Notes on a Gaussian-Based Distribution Algebra for the Non-linear Wave Equation of the Shift Vector in Quantum Foam

In these notes, a non-linear distributional renormalisation algebra is developed, tailored to the geometry of Gaussian Quantum Foam. The construction is based on sequences of smooth Gaussian functions restricted to spacelike hypersurfaces in a sequence of homotopic and globally hyperbolic spacetimes, converging in the sense of distributions to Quantum Foam. 

A restricted subspace of Schwartz functions is defined, consisting of finite products of scaled Gaussians supported on the hypersurfaces. An associated distribution space is introduced as the space of distributional limits of such sequences. The resulting renormalisation algebra is closed under addition, multiplication, and arbitrary-order differentiation, with all non-linear operations defined at the level of smooth representatives prior to taking the limit.

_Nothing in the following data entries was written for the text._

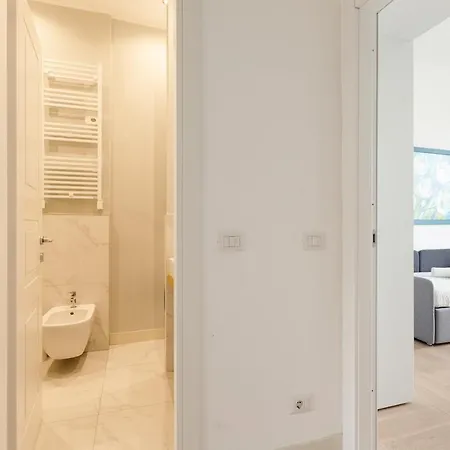 Milano- Darsena And Navigli Area! Cozy Apt! Apartamento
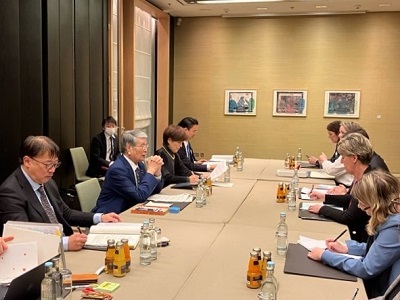 ビボー・カナダ農業・農産食料大臣と会談する野村農林水産大臣(左手前から2人目)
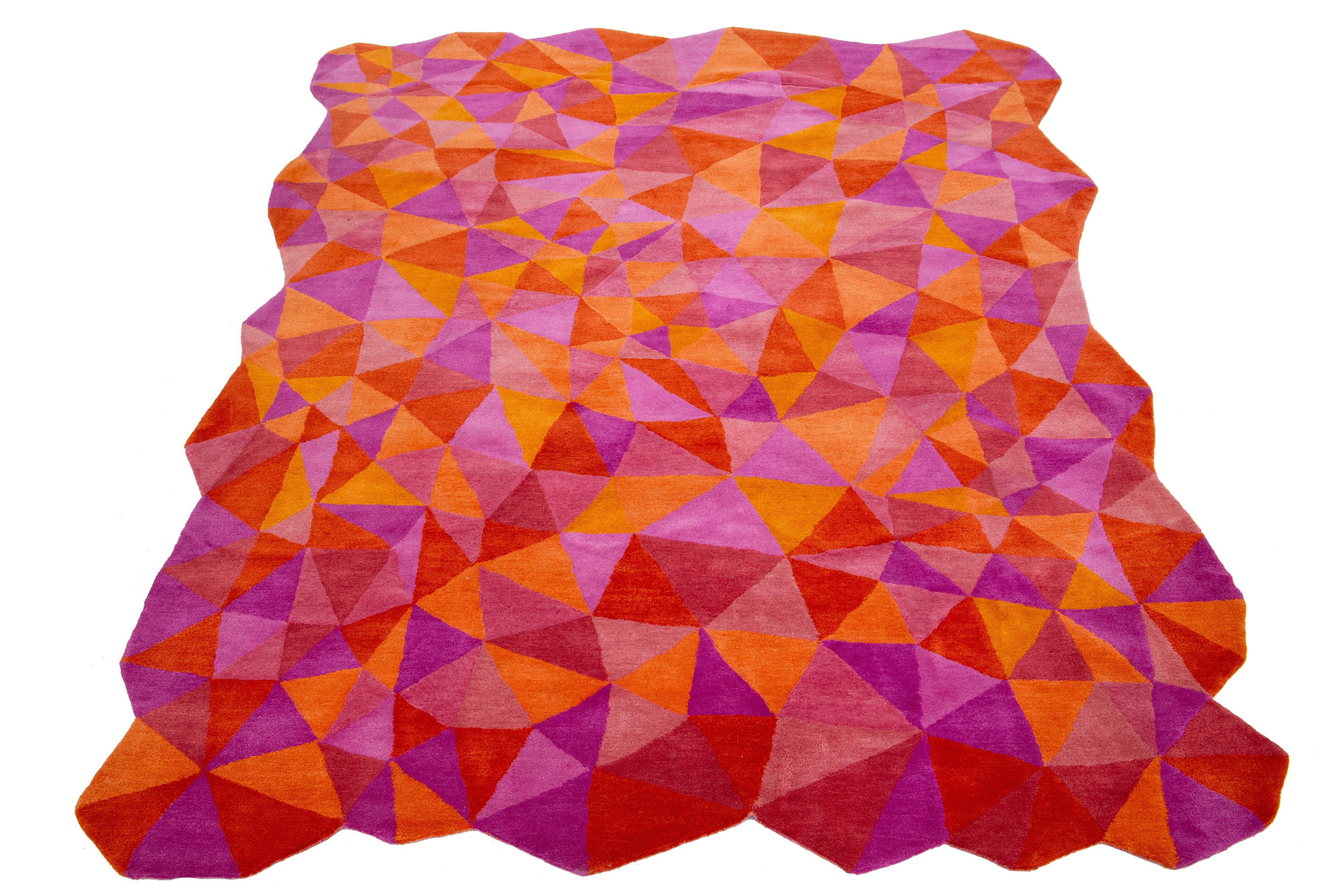 Dieser wunderschöne, moderne, handgetuftete Wollteppich ist Teil unserer Laura Gottwald for Apadana Collection'S und zeigt orange, lila, pink und rote Felder. Dieses Fantasia-Design: Unser einziges Design, das sich nicht wiederholt, ist eine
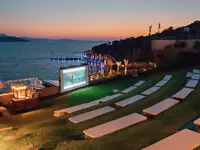 Kino plenerowe w Le Meridien Bodrum Beach Resort (ex Lux Bodrum ) nad brzegiem morza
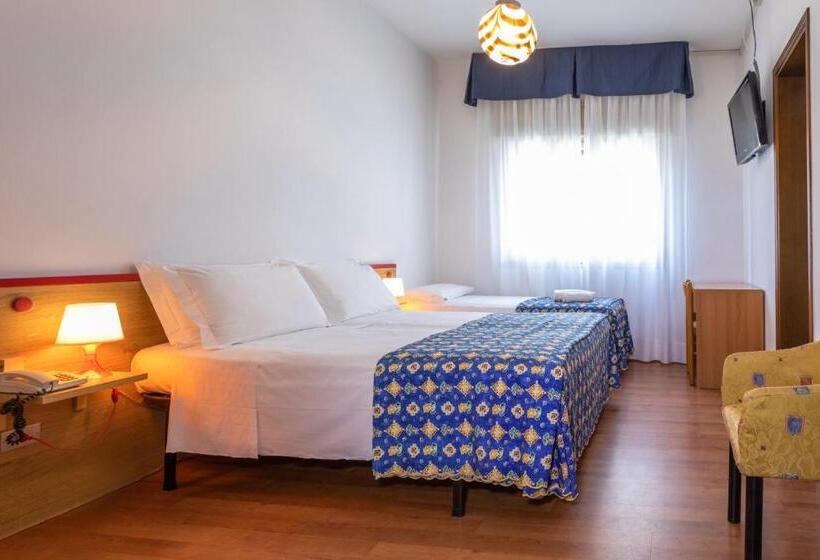 اتاق استاندارد سه نفره, Diana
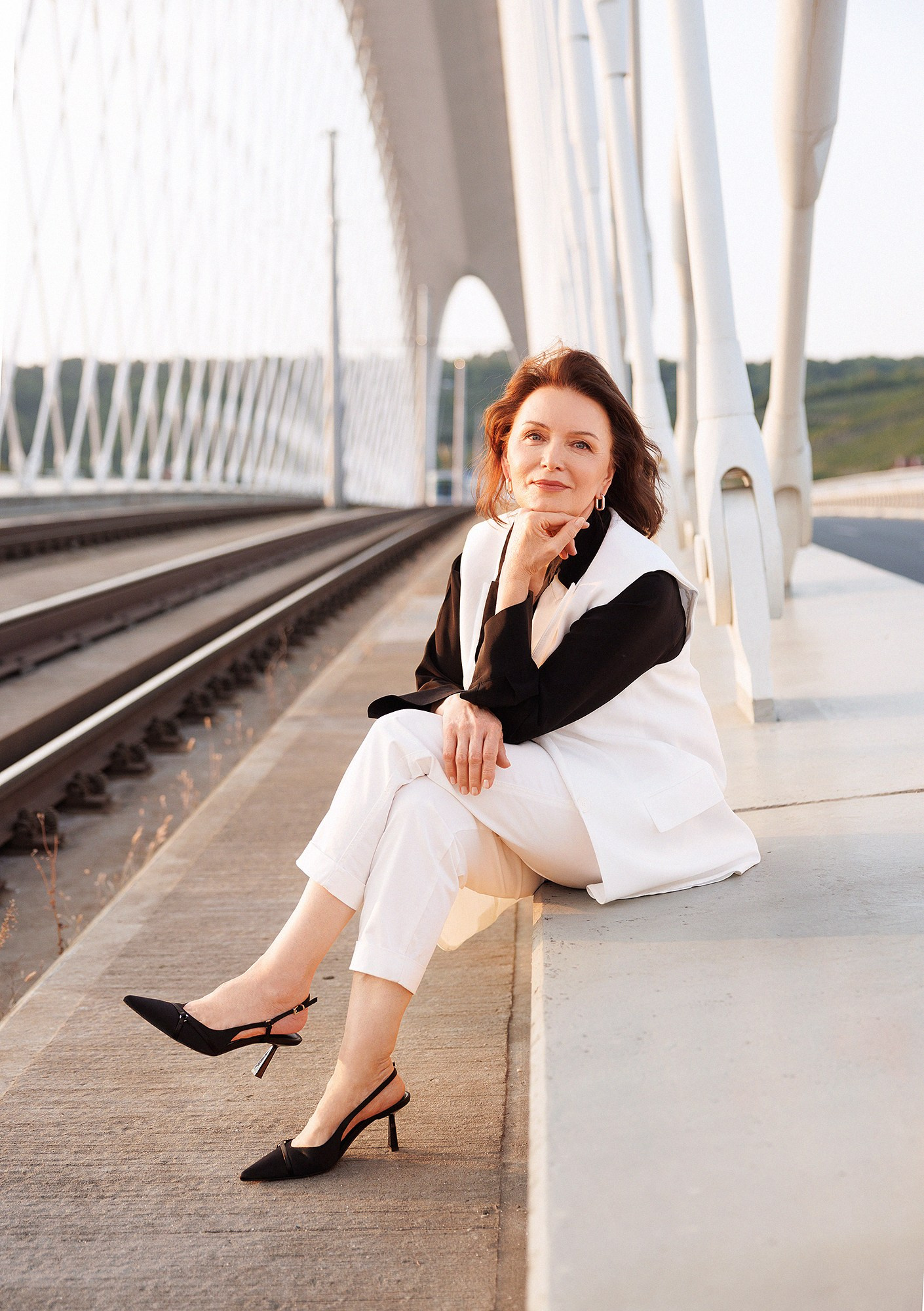 Elena in Troja bridge. Rodinný a svatební fotograf v Praze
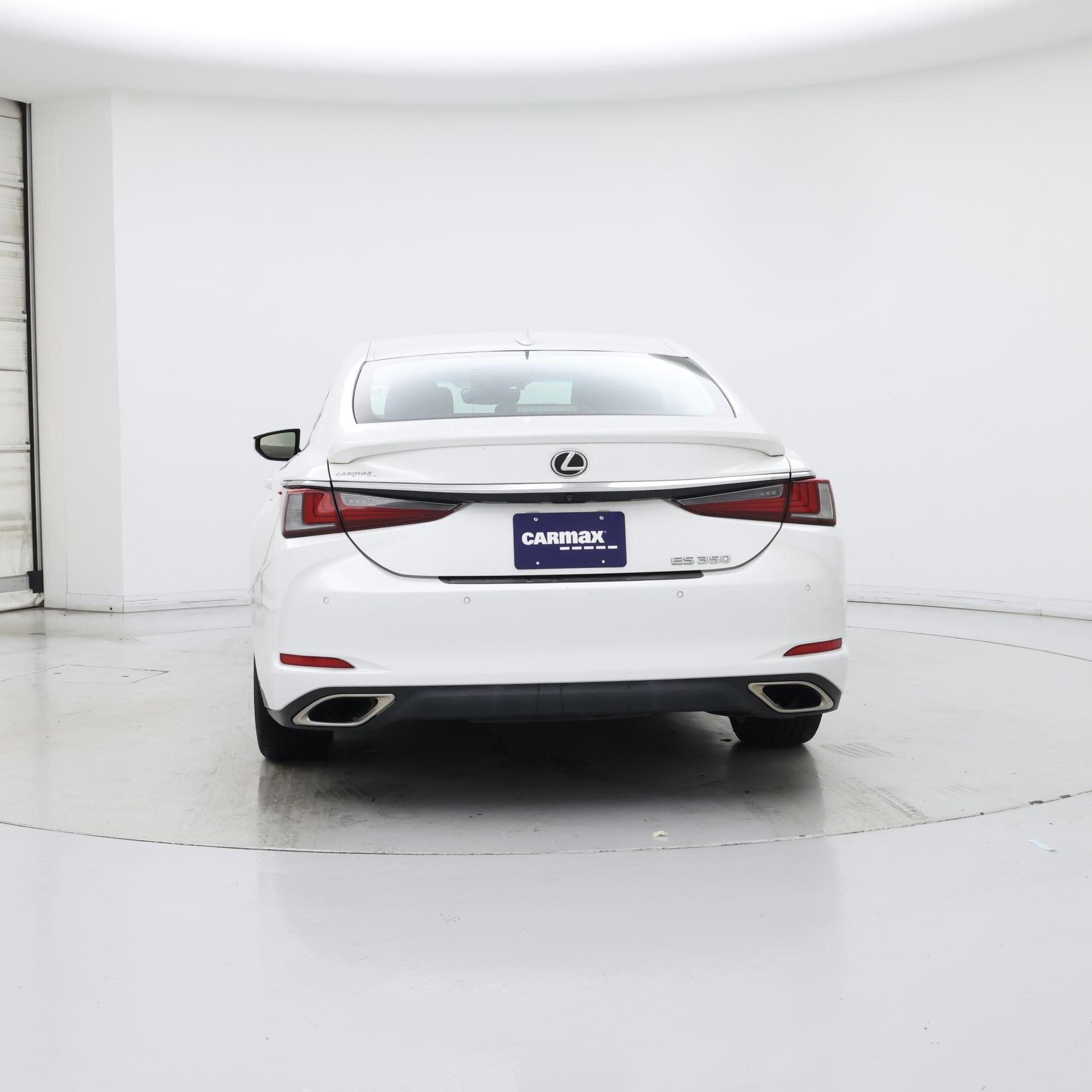 Thumbnail: 2020 Lexus ES - 6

This algebra is then applied to the non-linear scalar wave equation governing the shift vector field. In the distributional limit, the wave operator acting on the Gaussian sequence yields a linear combination of the Dirac measure and its second-order derivative, which together encode the singular curvature response of the collapsing Quantum Foam element.

The presence of the measures second-order derivative signals a sharply localised curvature impulse, consistent with a quantum geometric source driving the displacement of the vacuum. Meanwhile, the measure term corresponds to a uniform shift across the hypersurfaces, reflecting residual translation in the emerging classical geometry.

In the classical limit, the non-linear wave equation reduces to the massless vacuum Klein–Gordon equation, thereby linking the quantum and classical regimes through a unified distributional formalism.